Storicamente. Laboratorio di storia
Due processi per aborto: Marie–Claire Chevalier e Gigliola Pierobon
Due processi per aborto fanno scalpore in Italia e in Francia all’inizio degli anni settanta: quello celebrato a Bobigny, nella periferia di Parigi, nel 1972 contro Marie–Claire Chevalier, minorenne, colpevole di aborto clandestino e quello celebrato a Padova nel 1973 contro Gigliola Pierobon, anch’ella minorenne all’epoca dei fatti e accusata del medesimo reato. L’azione intentata contro la ragazza francese e contro la madre che l’aveva aiutata ad abortire si trasforma in un clamoroso processo all’aborto. L’accusa personale si muta in denuncia collettiva di una società che costringeva milioni di donne ad abortire in clandestinità a causa di un codice penale di epoca fascista che considerava l’aborto un reato punibile con la galera. I giudici del tribunale acconsentono ad aprire il dibattimento agli aspetti sociali, scientifici e psicologici dell’aborto, rendendo il singolo caso in esame un’occasione per ricostruire il contesto socio culturale intorno ad esso. Grazie a quest’apertura che coinvolge l’opinione pubblica, in Francia, in seguito al processo, si verifica quel cambiamento culturale che porterà di lì a poco al varo di una nuova legge, la legge Veil del 1 gennaio 1975.

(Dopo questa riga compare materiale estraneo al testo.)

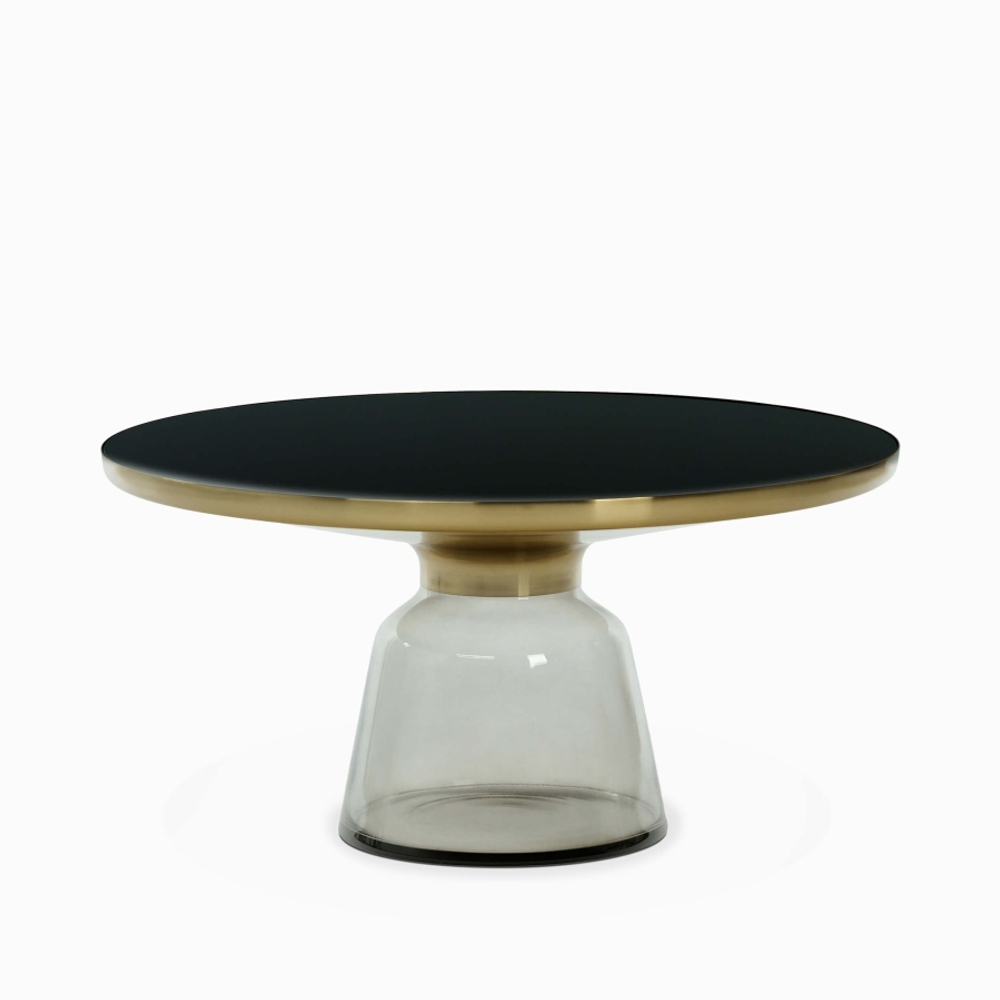 Кофейный столик Vaso Glass 1 диаметр 75 стекло закалённое, серый, черный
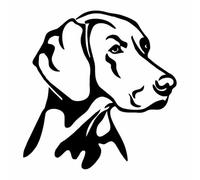 Adesivo cane razza Bracco di Weimar (weimaraner) mod. 2 Prespaziato colore nero cm. 14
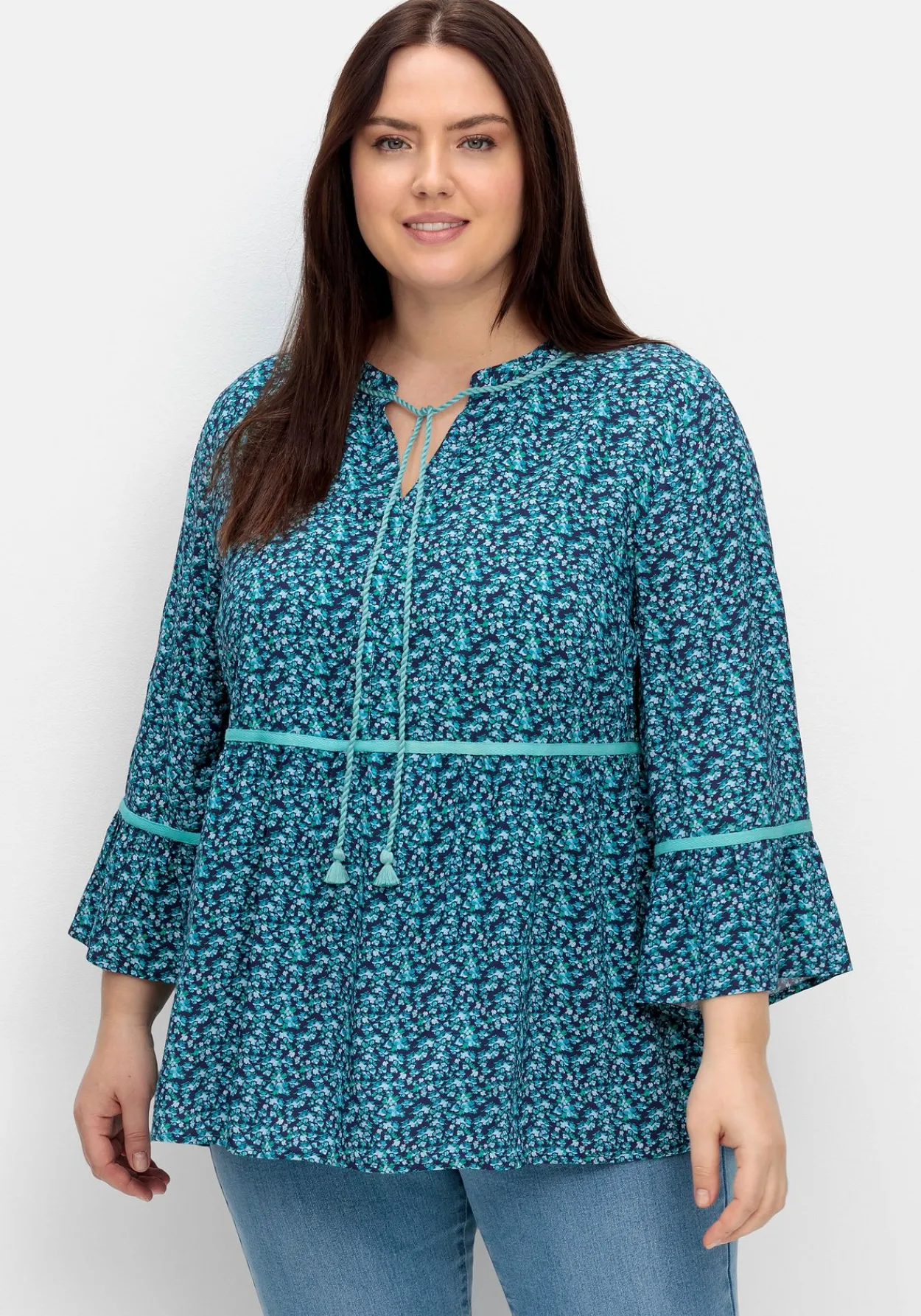 Tunika mit Blumenprint und 3/4-Arm<sheego New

In Italia invece l’aquis in cui si inserisce il processo contro Gigliola Pierobon si presenta in maniera completamente diversa: la dimensione “pubblica” del processo, come garanzia e affermazione dei diritti e delle libertà costituzionali propri di uno stato a regime rappresentativo, entra in tensione e conflitto con la vischiosità dell'antica logica inquisitoria, con le pratiche giudiziarie poliziesche e la segretezza del processo. L’opinione pubblica viene esclusa dall’acquisizione di sapere intorno al caso, rimane assente dalla discussione, impossibilitata non solo a partecipare fattivamente alla costruzione di un dibattito serio e informato, ma anche a manifestare la propria indignazione. Il processo si chiude in sé stesso e per ottenere una revisione della legge – regolata fino a quel momento dall’art. 546 del Codice penale del 1930- bisognerà attendere il 1978 e anni di dibattito serrato in Parlamento.
L’esito differente dei due casi dipende certamente dalla diversità del contesto politico-culturale in cui si inseriscono le vicende di Gigliola Pierobon e di Marie- Claire Chevalier, che produce una diversa costruzione del discorso pubblico sull’aborto nei due paesi ma, se è vero che le carte processuali sono lo specchio di come realmente è un Paese, non è da sottovalutare l’influenza di una diversa costruzione del processo e del discorso giuridico nell’esito opposto di casi così simili.
G. Pierobon, Il processo degli angeli. Storia di un aborto, Roma Tattilo Editrice, 1974; Storia di un aborto. Il processo Chevalier, Prefazione di Simone de Beauvoir, Torino Einaudi 1974; G. Halimi, Le procès de Bobigny: Choisir la cause des femmes, Editions Gallimard, 2006 (con un testo inedito di Marie Claire Chevalier).